بِسْمِ ٱللَّهِ ٱلرَّحْمَٰنِ ٱلرَّحِيمِ

وَهُوَ ٱلَّذِى سَخَّرَ ٱلْبَحْرَ لِتَأْكُلُواْ مِنْهُ لَحْمًا طَرِيًّا وَتَسْتَخْرِجُواْ مِنْهُ حِلْيَةً تَلْبَسُونَهَا وَتَرَى ٱلْفُلْكَ مَوَاخِرَ فِيهِ وَلِتَبْتَغُواْ مِن فَضْلِهِۦ وَلَعَلَّكُمْ تَشْكُرُونَ ١٤

O denizi de yararınıza sundu ki, oradan elde edilen taze etler yiyesiniz ve diplerinden süs olarak kullanacağınız takılar çıkarasınız; gemilerin, dalgaları yara yara denizde süzüldüklerini görürsün. Nimetlerini araştırasınız ve ola ki, kendisine şükredesiniz diye Allah, denizi yararınıza sundu.

– Seyyid Kutub

وَأَلْقَىٰ فِى ٱلْأَرْضِ رَوَٰسِىَ أَن تَمِيدَ بِكُمْ وَأَنْهَٰرًا وَسُبُلًا لَّعَلَّكُمْ تَهْتَدُونَ ١٥

Allah, yeryüzünde sarsılmayasınız diye köklü dağlar, yolunuzu şaşırmayasınız diye nehirler ve yollar meydana getirdi.

– Seyyid Kutub

وَعَلَٰمَٰتٍۚ وَبِٱلنَّجْمِ هُمْ يَهْتَدُونَ ١٦

Çeşitli yol işaretleri de varetti. İnsanlar yıldızlar aracılığı ile de yönlerini belirler.

– Seyyid Kutub

أَفَمَن يَخْلُقُ كَمَن لَّا يَخْلُقُۗ أَفَلَا تَذَكَّرُونَ ١٧

Yaratan, yaratamayan gibi olur mu? Hiç düşünmüyor musunuz?

– Seyyid Kutub

وَإِن تَعُدُّواْ نِعْمَةَ ٱللَّهِ لَا تُحْصُوهَآۗ إِنَّ ٱللَّهَ لَغَفُورٌ رَّحِيمٌ ١٨

Eğer Allah'ın nimetlerini sayacak olursanız bitiremezsiniz.

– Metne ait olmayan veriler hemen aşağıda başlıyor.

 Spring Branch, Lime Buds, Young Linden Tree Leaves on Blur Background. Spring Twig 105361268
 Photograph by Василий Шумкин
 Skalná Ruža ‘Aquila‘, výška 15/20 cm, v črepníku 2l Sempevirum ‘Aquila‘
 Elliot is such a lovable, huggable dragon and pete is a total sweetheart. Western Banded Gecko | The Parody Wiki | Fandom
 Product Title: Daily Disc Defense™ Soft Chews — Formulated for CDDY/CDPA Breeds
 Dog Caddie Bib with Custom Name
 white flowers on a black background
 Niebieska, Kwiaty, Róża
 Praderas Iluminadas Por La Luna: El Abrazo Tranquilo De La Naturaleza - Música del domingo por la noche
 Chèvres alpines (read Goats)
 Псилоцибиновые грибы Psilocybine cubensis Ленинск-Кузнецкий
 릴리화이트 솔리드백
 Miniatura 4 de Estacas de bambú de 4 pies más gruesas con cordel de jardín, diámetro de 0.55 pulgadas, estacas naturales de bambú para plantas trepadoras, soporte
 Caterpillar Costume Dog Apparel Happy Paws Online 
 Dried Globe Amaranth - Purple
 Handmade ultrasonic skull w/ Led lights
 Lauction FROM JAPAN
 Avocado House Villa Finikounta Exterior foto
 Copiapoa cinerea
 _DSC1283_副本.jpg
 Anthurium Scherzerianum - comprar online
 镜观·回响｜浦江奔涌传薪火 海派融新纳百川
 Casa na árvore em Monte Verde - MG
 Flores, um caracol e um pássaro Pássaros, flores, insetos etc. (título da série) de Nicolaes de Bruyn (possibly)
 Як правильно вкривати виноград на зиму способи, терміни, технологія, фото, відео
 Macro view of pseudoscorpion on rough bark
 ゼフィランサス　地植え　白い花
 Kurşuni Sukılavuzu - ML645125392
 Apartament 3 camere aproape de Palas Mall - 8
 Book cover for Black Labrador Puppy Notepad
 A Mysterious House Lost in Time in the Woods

Hiç kuşkusuz Allah bağışlayıcıdır, merhametlidir.

– Seyyid Kutub

وَٱللَّهُ يَعْلَمُ مَا تُسِرُّونَ وَمَا تُعْلِنُونَ ١٩

Allah, gizlediklerinizi de açığa vurduklarınızı da bilir.

– Seyyid Kutub

وَٱلَّذِينَ يَدْعُونَ مِن دُونِ ٱللَّهِ لَا يَخْلُقُونَ شَيْـًٔا وَهُمْ يُخْلَقُونَ ٢٠

Müşriklerin Allah'ı bir yana bırakarak taptıkları düzmece ilahlar hiçbir şey yaratamazlar: tersine kendileri birer yaratıktırlar.

– Seyyid Kutub

أَمْوَٰتٌ غَيْرُ أَحْيَآءٍۖ وَمَا يَشْعُرُونَ أَيَّانَ يُبْعَثُونَ ٢١

Onlar cansızdırlar, canları yoktur. Kendilerine tapanların ne zaman yeniden diriltileceklerini bilmezler.

– Seyyid Kutub

إِلَٰهُكُمْ إِلَٰهٌ وَٰحِدٌۚ فَٱلَّذِينَ لَا يُؤْمِنُونَ بِٱلْءَاخِرَةِ قُلُوبُهُم مُّنكِرَةٌ وَهُم مُّسْتَكْبِرُونَ ٢٢

İlahınız tek ilahtır. Ahirete inanmayanların kalpleri inkârcıdır, onlar gerçeğe set çevirmiş, kendini beğenmişlerdir.

– Seyyid Kutub

لَا جَرَمَ أَنَّ ٱللَّهَ يَعْلَمُ مَا يُسِرُّونَ وَمَا يُعْلِنُونَۚ إِنَّهُۥ لَا يُحِبُّ ٱلْمُسْتَكْبِرِينَ ٢٣

Hiç kuşkusuz Allah, onların gizli tuttuklarını da, açığa vurduklarını da bilir; O gerçeğe sırt çeviren kendini beğenmişleri kesinlikle sevmez.

– Seyyid Kutub

وَإِذَا قِيلَ لَهُم مَّاذَآ أَنزَلَ رَبُّكُمْۙ قَالُوٓاْ أَسَٰطِيرُ ٱلْأَوَّلِينَ ٢٤

Kendilerine «Rabbiniz ne indirdi» diye sorulduğunda «Bunlar eskilerin masallarıdır» dediler.